So I'll call him Columbus' strongest 61-year-old weightlifting, chess-playing lawyer.
If all goes as planned Saturday in Savannah, Ga., he will win the U.S. Masters Weightlifting championship for his age and weight class.
"I don't even do the lifts he does, and the fact that he's 61 -- it's incredible," said his training partner, Edward Gosselin, 46.
The two train at the Downtown YMCA in a corner that interests few others. Amid the fitness machines, it looks old school: A wooden platform and a weight bar holding the kind of iron disks that Russians used to strain to get above their heads on The Wide World of Sports.
Adding to the industrial-age ambience: Travis and Gosselin hang
23-pound chains on the bar to increase resistance.
Travis is a weightlifter. He's not a powerlifter (the people who do bench presses and squats) or a bodybuilder (the people who use weights to achieve muscle definition). He does the clean-and-jerk (a two-part lift that ends with the bar above the head) and the snatch (a one-part lift).
The sport's heyday has passed. Travis has been in it so long that he can say he was there when Soviet strongman Vasily Alexeev became the first to clean and jerk 500 pounds at a competition in 1970. That he did it in Columbus is a measure of how big the sport was here.
Now it occupies a small niche. It takes flexibility, agility, speed and strength to flip hundreds of pounds to chest level and then raise the load overhead. People with those attributes can win more fame and fortune elsewhere.
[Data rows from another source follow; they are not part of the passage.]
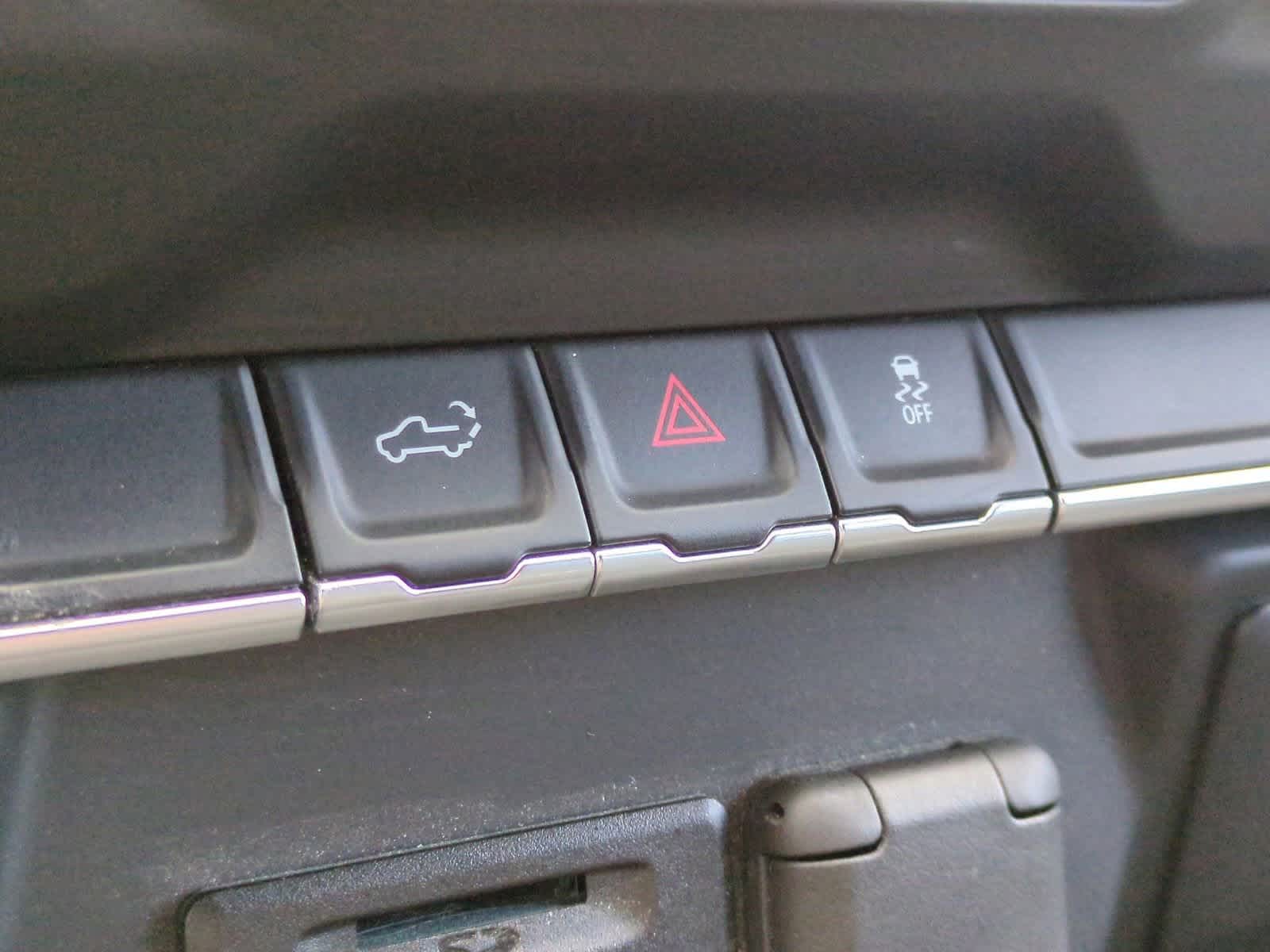 Thumbnail: 2019 Chevrolet Silverado 1500 - 32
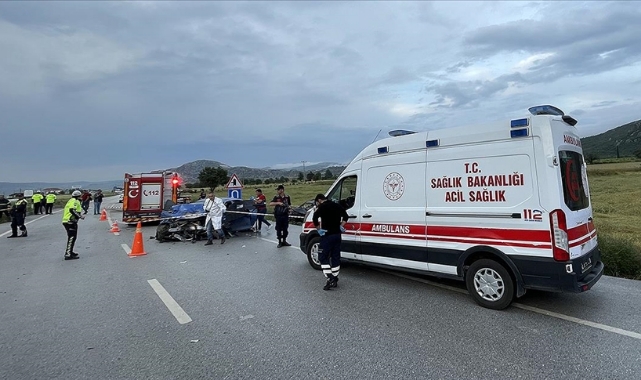 İki Otomobil Çarpıştı:5 Ölü, 5 Yaralı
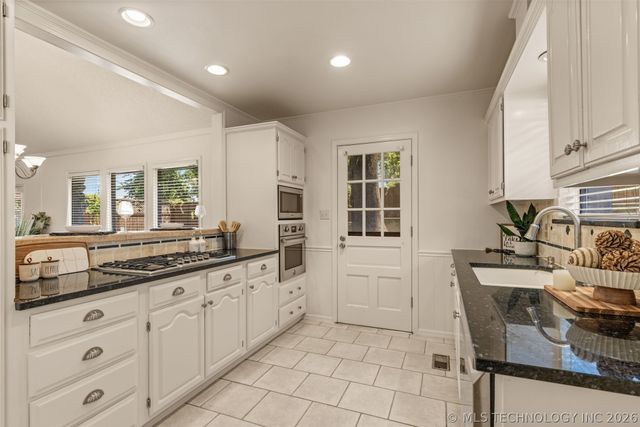 8245 S Toledo Avenue, Tulsa, OK 74137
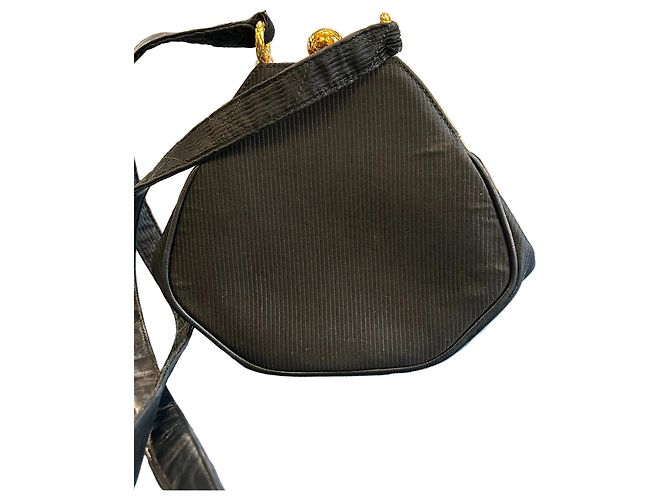 Borsa a tracolla 1992 Chanel CC Nylon Diamond Stitch Kiss Lock - vista 4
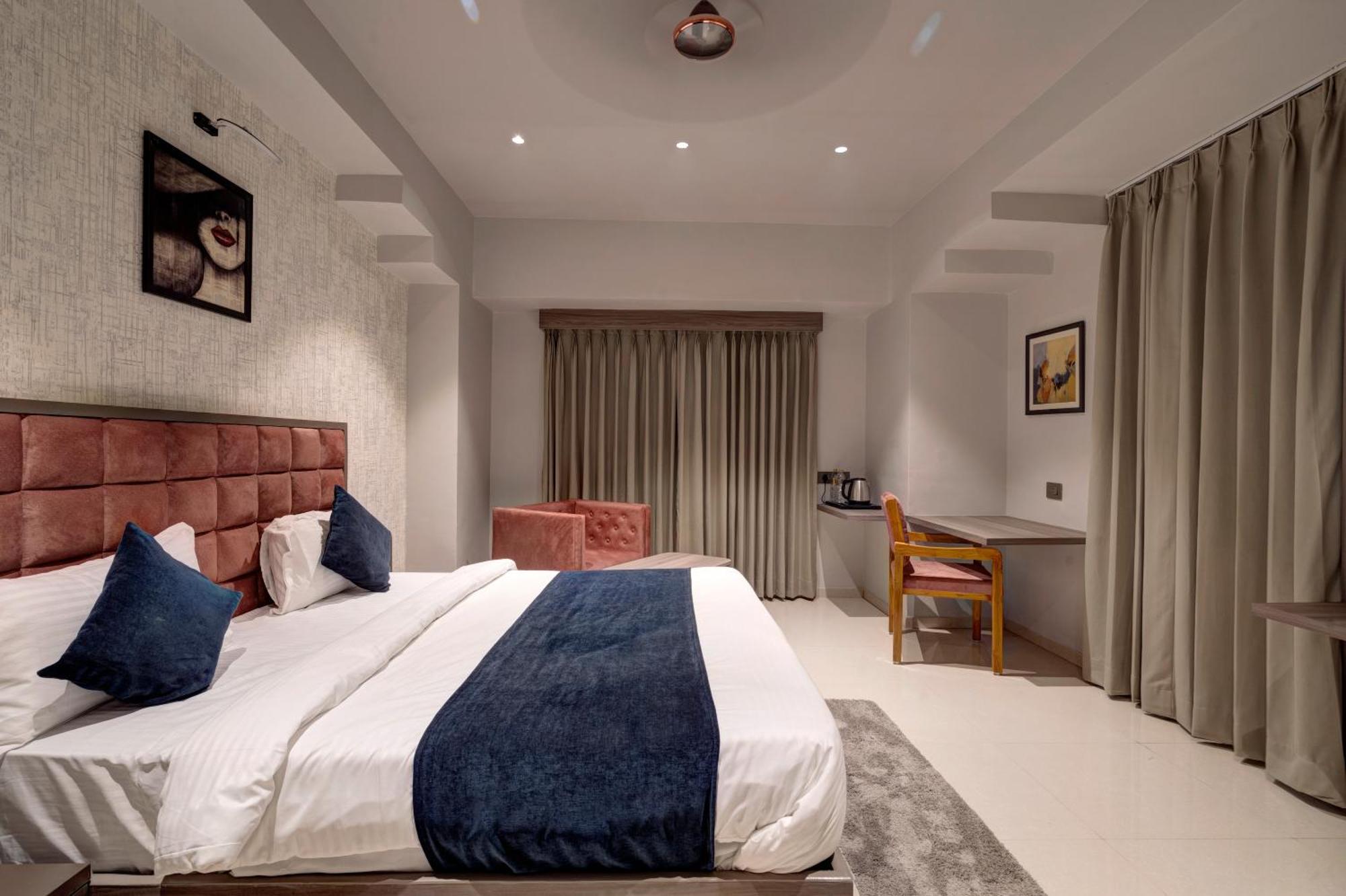 Hotel Sparsh Divine Ahmedabad Ngoại thất bức ảnh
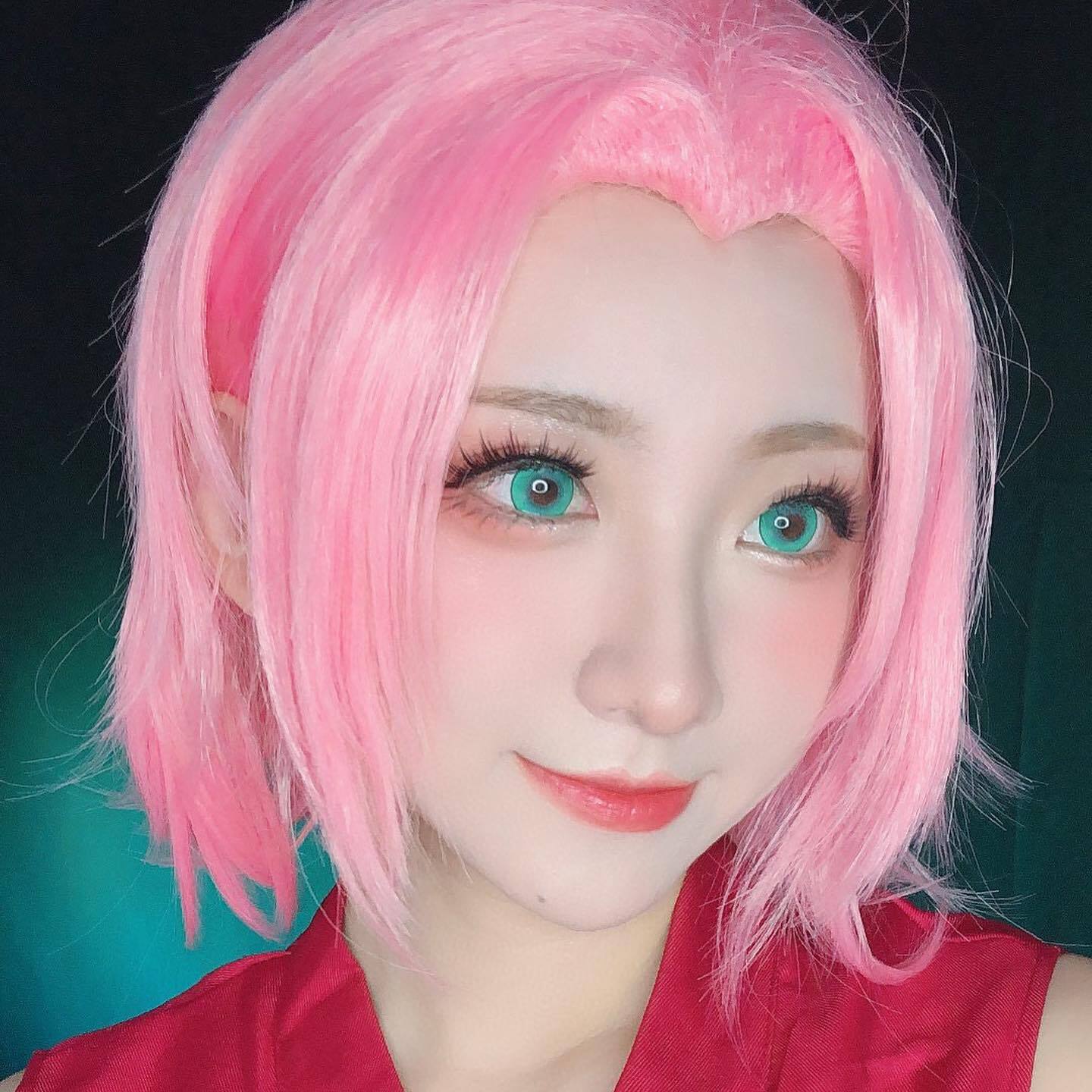 kazzue-color-contacts-intense-pop-green-3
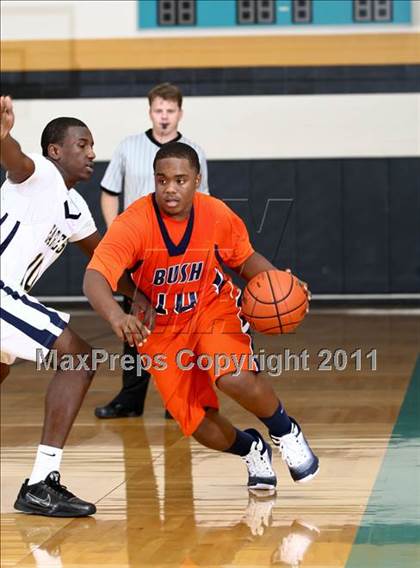 Thumbnail 3 in Fort Bend Bush v Second Baptist (McDonald's Texas Invitational) photogallery.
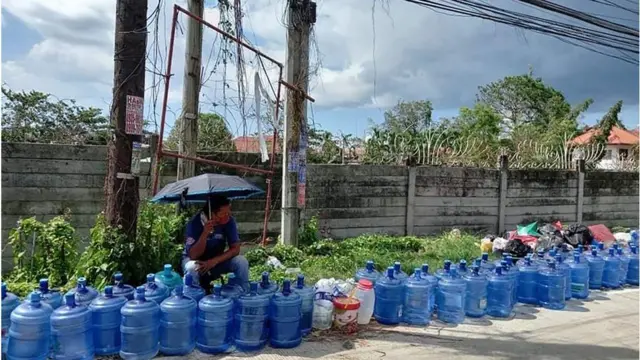 બીજી તરફ વાવાઝોડાની સમસ્યામાંથી પસાર થયેલા ઘણા વિસ્તારોમાં સ્થાનિકોને પાણી માટે લાંબી લાઇનોમાં લાગેલા જોઈ શકાય છે. વાવાઝોડા બાદ પાણીના સપ્લાય પર અસર પડી છે.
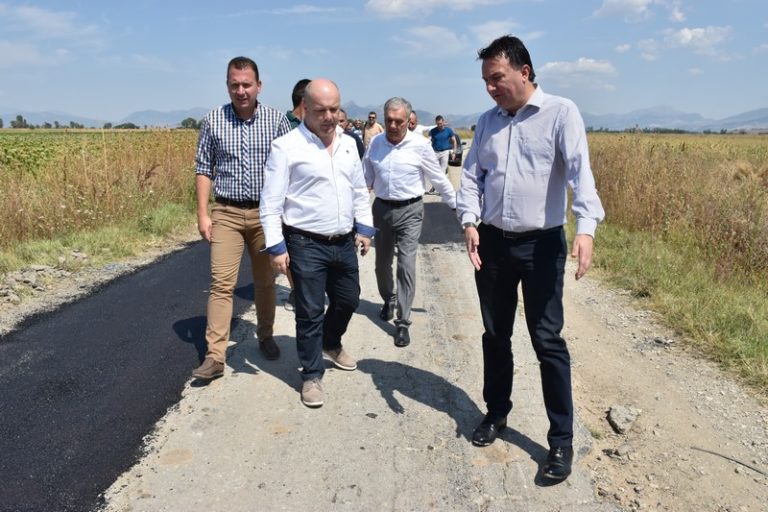 Се интензивираат работите за санација и рехабилитација на патиштата во руралните средини од Пелагонискиот регион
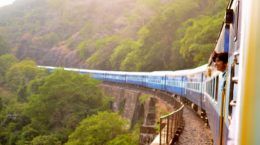 Un tren en marcha en la provincia de Goa, en India.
"Football, basketball, UFC (Ultimate Fighting Championship)," Travis said.
His day job is running his legal practice on the Northwest Side. Like lifting weights, practicing law requires maintaining focus and being quick on your feet, said Bev, his wife and office manager.
She said her husband is also a good chess player.
"All my life I was looking for the intellectual jock, and I found him right there," she said.
Travis is a Toledo-area native who began lifting as part of a training regimen for his high-school track team. By the late '70s, he was good enough to have Olympic aspirations and might have fulfilled them had the United States not boycotted the 1980 Moscow Games.
He has won many weightlifting titles but says his proudest accomplishments are that his son and daughter turned out well (one is a manager at Nationwide; the other a lawyer in Chicago) and that he once played Samuel Reshevsky, a U.S. chess champion, to a tie. ("He got a little careless.")
At his best, Travis lifted a combined 721 pounds in the snatch and clean-and-jerk to win the gold medal at a U.S. Olympic Sports Festival in 1978.
Age and two herniated disks have since cut his totals. But, in Savannah, he has a good chance of claiming the American record for his age group by lifting a combined 405 pounds. He's confident about his prospects but eager to put them in perspective.
"Half the battle at this age is just showing up."